• **WORK REQUEST**: Word for word, give again the lines of the material below, from the one holding "Santa Barbara Road., looking" to the last, with nothing added.

-------- COLLECTED MATERIAL

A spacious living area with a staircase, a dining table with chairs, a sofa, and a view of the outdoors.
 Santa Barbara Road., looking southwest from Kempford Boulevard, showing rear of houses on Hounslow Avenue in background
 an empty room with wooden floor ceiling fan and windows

----------------

• **COMPLETED EXERCISE**:
 Santa Barbara Road., looking southwest from Kempford Boulevard, showing rear of houses on Hounslow Avenue in background
 an empty room with wooden floor ceiling fan and windows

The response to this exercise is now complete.